> What you are asked to do
From the entries below, reproduce exactly the lines from the one with "Nama lengkapnya ali" through the one with "christine matte lasting liquid lipstick-02", both included, without images.

> Information provided
┌────────
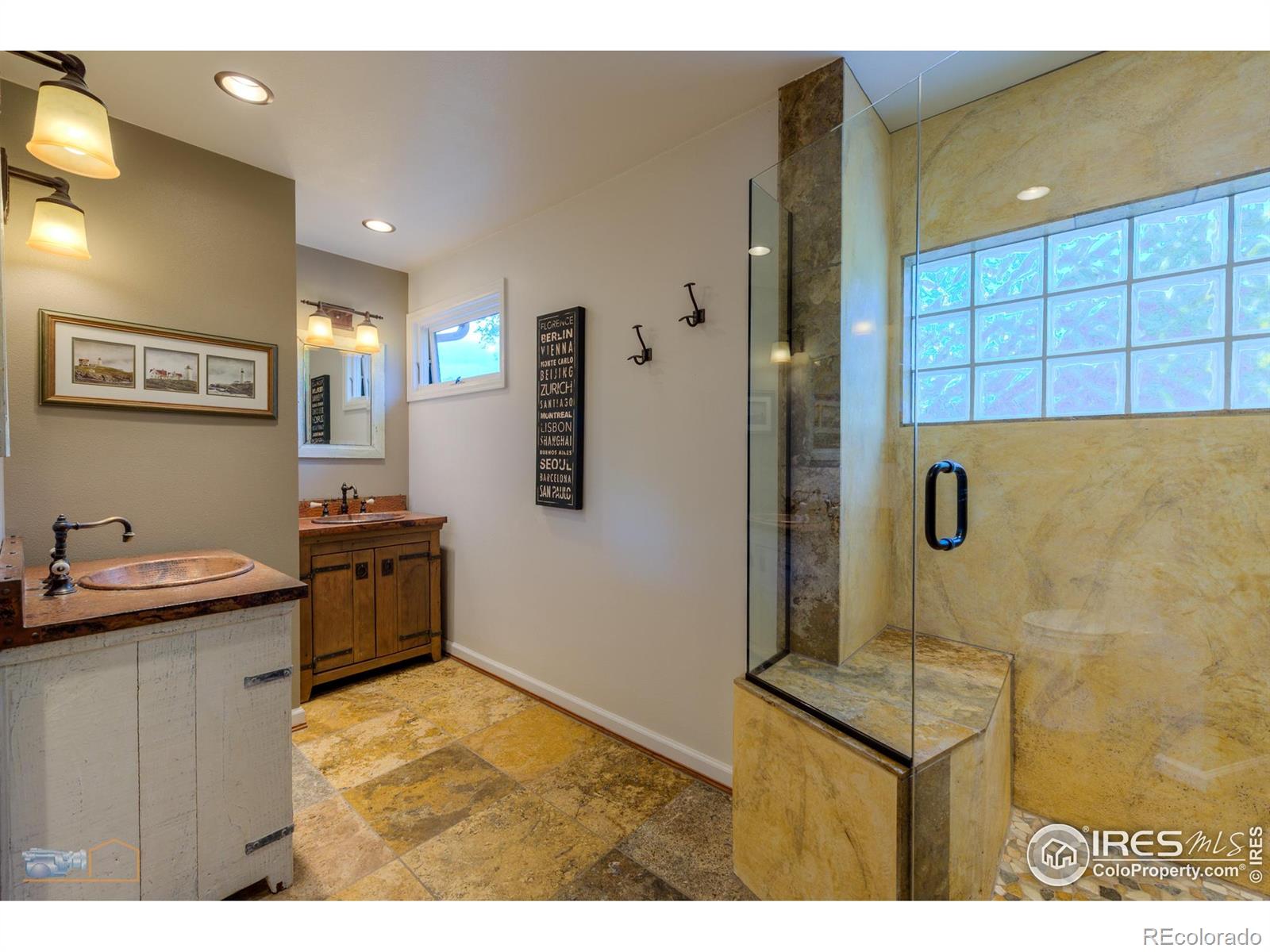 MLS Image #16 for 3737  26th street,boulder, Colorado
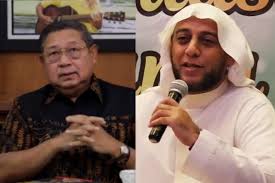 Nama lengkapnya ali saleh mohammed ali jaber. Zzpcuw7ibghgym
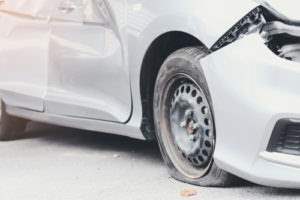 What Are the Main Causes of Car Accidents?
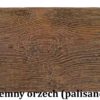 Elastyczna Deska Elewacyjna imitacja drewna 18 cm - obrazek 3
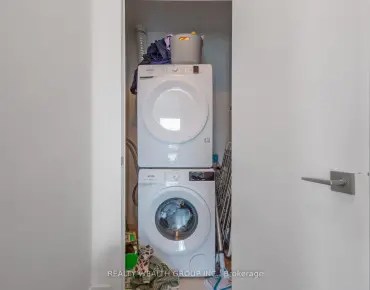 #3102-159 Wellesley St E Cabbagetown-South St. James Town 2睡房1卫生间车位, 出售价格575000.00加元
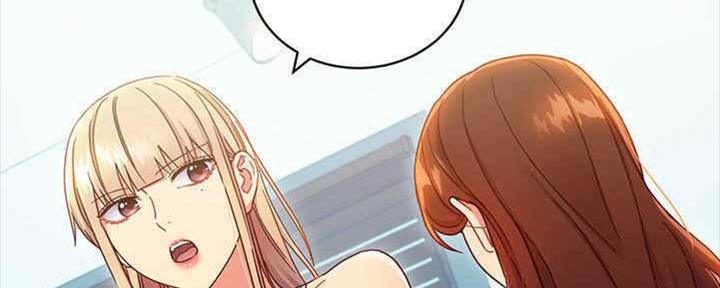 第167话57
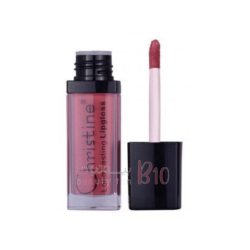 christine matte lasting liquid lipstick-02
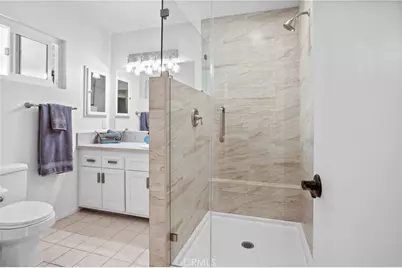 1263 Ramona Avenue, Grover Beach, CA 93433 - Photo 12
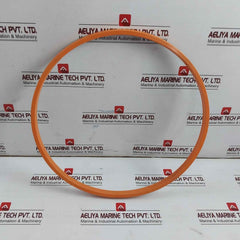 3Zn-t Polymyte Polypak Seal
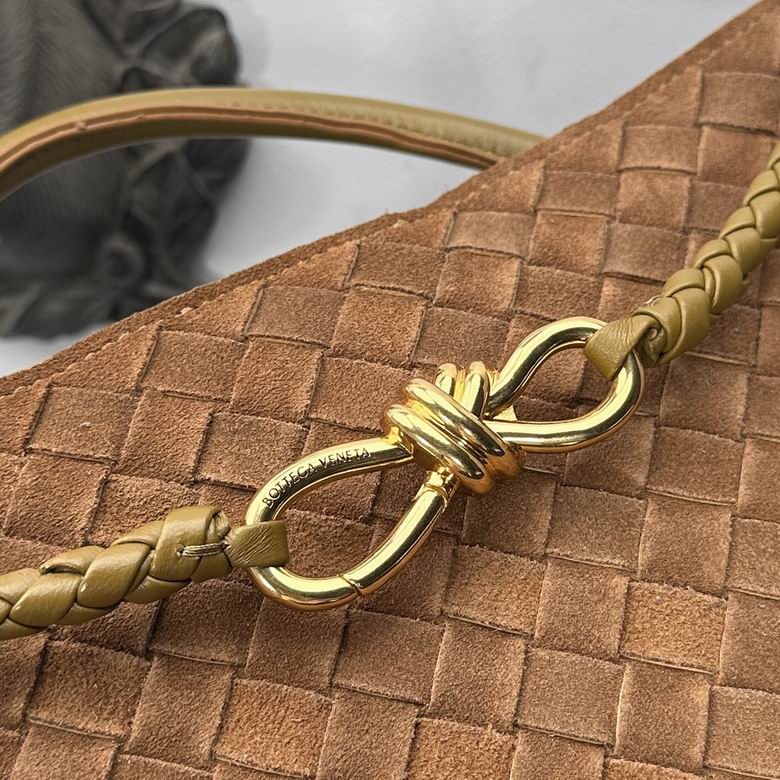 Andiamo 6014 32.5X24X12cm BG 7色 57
└────────
> Response
 Nama lengkapnya ali saleh mohammed ali jaber. Zzpcuw7ibghgym
 What Are the Main Causes of Car Accidents?
 Elastyczna Deska Elewacyjna imitacja drewna 18 cm - obrazek 3
 #3102-159 Wellesley St E Cabbagetown-South St. James Town 2睡房1卫生间车位, 出售价格575000.00加元
 第167话57
 christine matte lasting liquid lipstick-02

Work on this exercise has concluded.